# THE TASK:
When you reach the line with "BODYGUARD - Part Two" in the listing below, transcribe it and each line after it up to and including the line with "Über - Brücken", exactly and with nothing else.

# DATA FOR THE TASK:
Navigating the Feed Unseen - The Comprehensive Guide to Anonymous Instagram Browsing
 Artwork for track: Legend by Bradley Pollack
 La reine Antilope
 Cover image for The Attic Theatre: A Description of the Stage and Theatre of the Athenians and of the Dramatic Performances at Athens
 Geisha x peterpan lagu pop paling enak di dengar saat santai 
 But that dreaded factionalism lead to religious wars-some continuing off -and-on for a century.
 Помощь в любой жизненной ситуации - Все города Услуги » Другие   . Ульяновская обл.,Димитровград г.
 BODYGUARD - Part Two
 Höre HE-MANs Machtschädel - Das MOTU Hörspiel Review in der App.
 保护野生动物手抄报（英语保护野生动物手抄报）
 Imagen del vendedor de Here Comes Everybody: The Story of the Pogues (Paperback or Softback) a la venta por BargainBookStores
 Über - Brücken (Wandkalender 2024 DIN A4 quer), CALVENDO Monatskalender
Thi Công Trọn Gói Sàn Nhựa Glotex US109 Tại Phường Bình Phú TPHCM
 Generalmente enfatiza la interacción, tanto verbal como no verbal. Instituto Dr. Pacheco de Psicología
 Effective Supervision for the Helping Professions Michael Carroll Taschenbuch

# RESULT FOR THIS EXERCISE:
 BODYGUARD - Part Two
 Höre HE-MANs Machtschädel - Das MOTU Hörspiel Review in der App.
 保护野生动物手抄报（英语保护野生动物手抄报）
 Imagen del vendedor de Here Comes Everybody: The Story of the Pogues (Paperback or Softback) a la venta por BargainBookStores
 Über - Brücken (Wandkalender 2024 DIN A4 quer), CALVENDO Monatskalender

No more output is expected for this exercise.